╭──

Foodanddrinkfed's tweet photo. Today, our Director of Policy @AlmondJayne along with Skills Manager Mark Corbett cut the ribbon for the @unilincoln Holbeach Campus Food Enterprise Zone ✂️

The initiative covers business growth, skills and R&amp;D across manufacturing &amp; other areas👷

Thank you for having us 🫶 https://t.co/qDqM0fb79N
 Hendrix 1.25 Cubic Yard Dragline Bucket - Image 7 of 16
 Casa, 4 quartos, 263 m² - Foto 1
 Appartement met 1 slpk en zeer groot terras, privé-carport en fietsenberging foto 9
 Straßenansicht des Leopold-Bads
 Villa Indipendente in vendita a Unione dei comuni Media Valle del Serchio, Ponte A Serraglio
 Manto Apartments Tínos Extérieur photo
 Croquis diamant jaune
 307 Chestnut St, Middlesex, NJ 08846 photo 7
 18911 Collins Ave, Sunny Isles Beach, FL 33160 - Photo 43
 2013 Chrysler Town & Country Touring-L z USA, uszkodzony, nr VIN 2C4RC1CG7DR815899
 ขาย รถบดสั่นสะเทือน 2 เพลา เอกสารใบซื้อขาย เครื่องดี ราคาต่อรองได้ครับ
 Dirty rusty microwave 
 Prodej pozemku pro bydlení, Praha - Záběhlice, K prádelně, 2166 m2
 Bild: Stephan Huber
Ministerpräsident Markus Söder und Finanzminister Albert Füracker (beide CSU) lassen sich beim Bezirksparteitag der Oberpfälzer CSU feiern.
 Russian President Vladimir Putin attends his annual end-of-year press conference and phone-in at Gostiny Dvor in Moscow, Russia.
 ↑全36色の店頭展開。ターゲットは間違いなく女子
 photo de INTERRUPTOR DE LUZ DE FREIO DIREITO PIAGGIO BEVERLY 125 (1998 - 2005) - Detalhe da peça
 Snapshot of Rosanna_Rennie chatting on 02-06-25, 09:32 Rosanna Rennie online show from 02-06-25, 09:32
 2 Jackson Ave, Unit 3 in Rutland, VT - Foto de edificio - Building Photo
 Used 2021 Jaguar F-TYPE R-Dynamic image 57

╰──

◆ Directions ◆
Each of the records shown above needs to be repeated exactly.

◆ Response area ◆
Foodanddrinkfed's tweet photo. Today, our Director of Policy @AlmondJayne along with Skills Manager Mark Corbett cut the ribbon for the @unilincoln Holbeach Campus Food Enterprise Zone ✂️

The initiative covers business growth, skills and R&amp;D across manufacturing &amp; other areas👷

Thank you for having us 🫶 https://t.co/qDqM0fb79N
 Hendrix 1.25 Cubic Yard Dragline Bucket - Image 7 of 16
 Casa, 4 quartos, 263 m² - Foto 1
 Appartement met 1 slpk en zeer groot terras, privé-carport en fietsenberging foto 9
 Straßenansicht des Leopold-Bads
 Villa Indipendente in vendita a Unione dei comuni Media Valle del Serchio, Ponte A Serraglio
 Manto Apartments Tínos Extérieur photo
 Croquis diamant jaune
 307 Chestnut St, Middlesex, NJ 08846 photo 7
 18911 Collins Ave, Sunny Isles Beach, FL 33160 - Photo 43
 2013 Chrysler Town & Country Touring-L z USA, uszkodzony, nr VIN 2C4RC1CG7DR815899
 ขาย รถบดสั่นสะเทือน 2 เพลา เอกสารใบซื้อขาย เครื่องดี ราคาต่อรองได้ครับ
 Dirty rusty microwave 
 Prodej pozemku pro bydlení, Praha - Záběhlice, K prádelně, 2166 m2
 Bild: Stephan Huber
Ministerpräsident Markus Söder und Finanzminister Albert Füracker (beide CSU) lassen sich beim Bezirksparteitag der Oberpfälzer CSU feiern.
 Russian President Vladimir Putin attends his annual end-of-year press conference and phone-in at Gostiny Dvor in Moscow, Russia.
 ↑全36色の店頭展開。ターゲットは間違いなく女子
 photo de INTERRUPTOR DE LUZ DE FREIO DIREITO PIAGGIO BEVERLY 125 (1998 - 2005) - Detalhe da peça
 Snapshot of Rosanna_Rennie chatting on 02-06-25, 09:32 Rosanna Rennie online show from 02-06-25, 09:32
 2 Jackson Ave, Unit 3 in Rutland, VT - Foto de edificio - Building Photo
 Used 2021 Jaguar F-TYPE R-Dynamic image 57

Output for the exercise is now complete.